In my mind that is a bug and thread safety should be guaranteed on multiple read operations.
I hope that will help to solve it. This issue seems to be addressing the problem, but it has never been through.

Thanks

[james-vanrossum-sonardyne]

@plop44 If it helps, I've gotten around this by a use of simple locks around each object when reading them. Obviously this does slow down asynchronous operations, but only where these "errors" are occurring, so not all the time (~35% by your records, mine were much less at ~0.1%).
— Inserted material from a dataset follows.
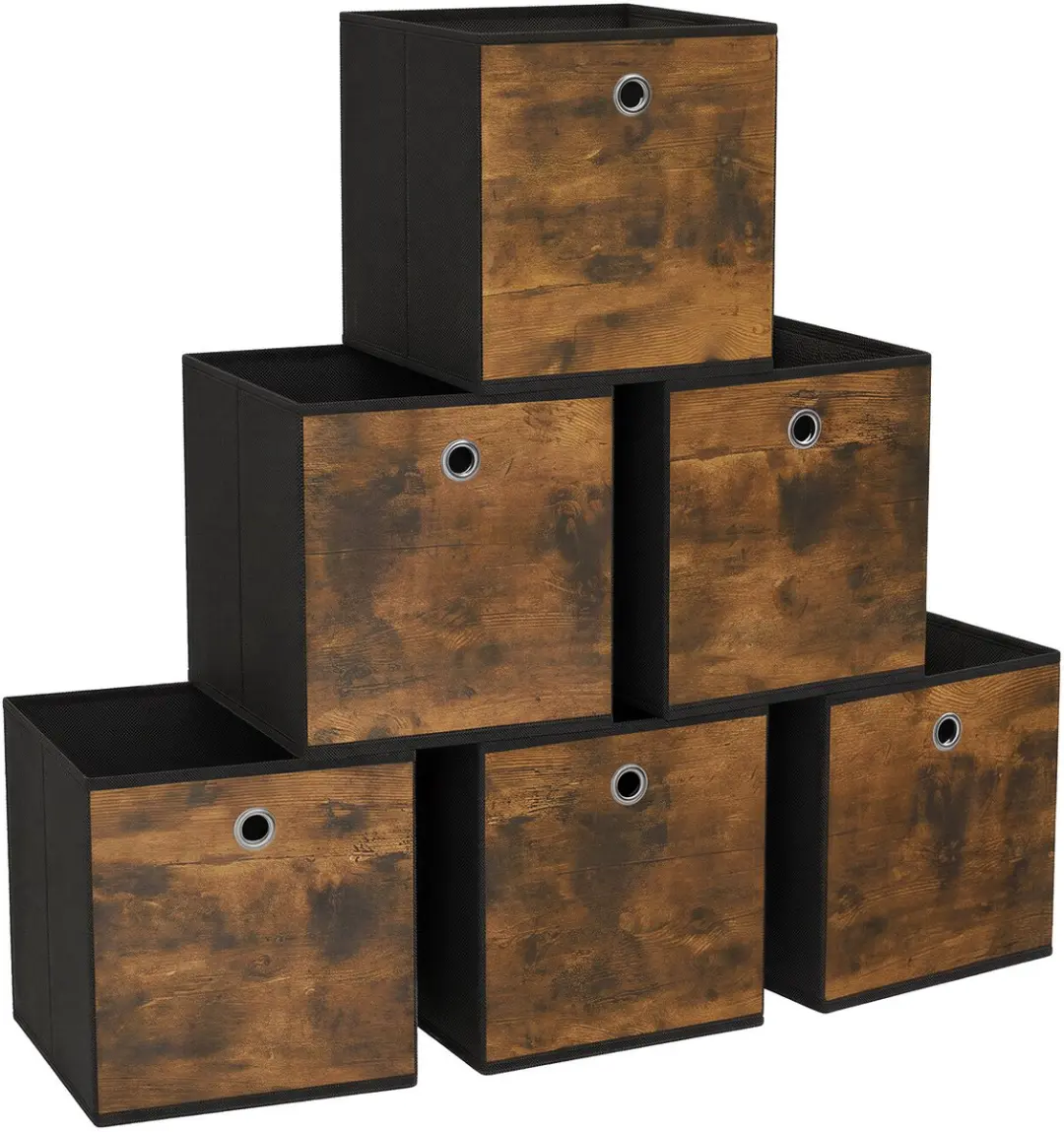 Songmics Opbergbox RFB102B01 - 6 Stuks Vintagebruin-Zwart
My team are not yet ready to move up to version 1.12 flatc compiler, however the object api support for C# within this may also help. Though for my scenario, the increased memory usage that undoubtedly comes with this is unappealing, given the millions of FB objects that would be created.

[vglavnyy]

It is obvious that GetDouble has data-race conditions. I don't know why it was implemented in this way. As for me, the condition #if !UNSAFE_BYTEBUFFER looks like #if !SAFE_BYTEBUFFER.

//      UNSAFE_BYTEBUFFER 
//          This will use unsafe code to manipulate the underlying byte array. This
//          can yield a reasonable performance increase.

The condition #if !UNSAFE_BYTEBUFFER was added by #4445 (08cf50c54a704bd76a30602a5efc65ccb7985695)

@robert-schmidtke or @aardappel may know more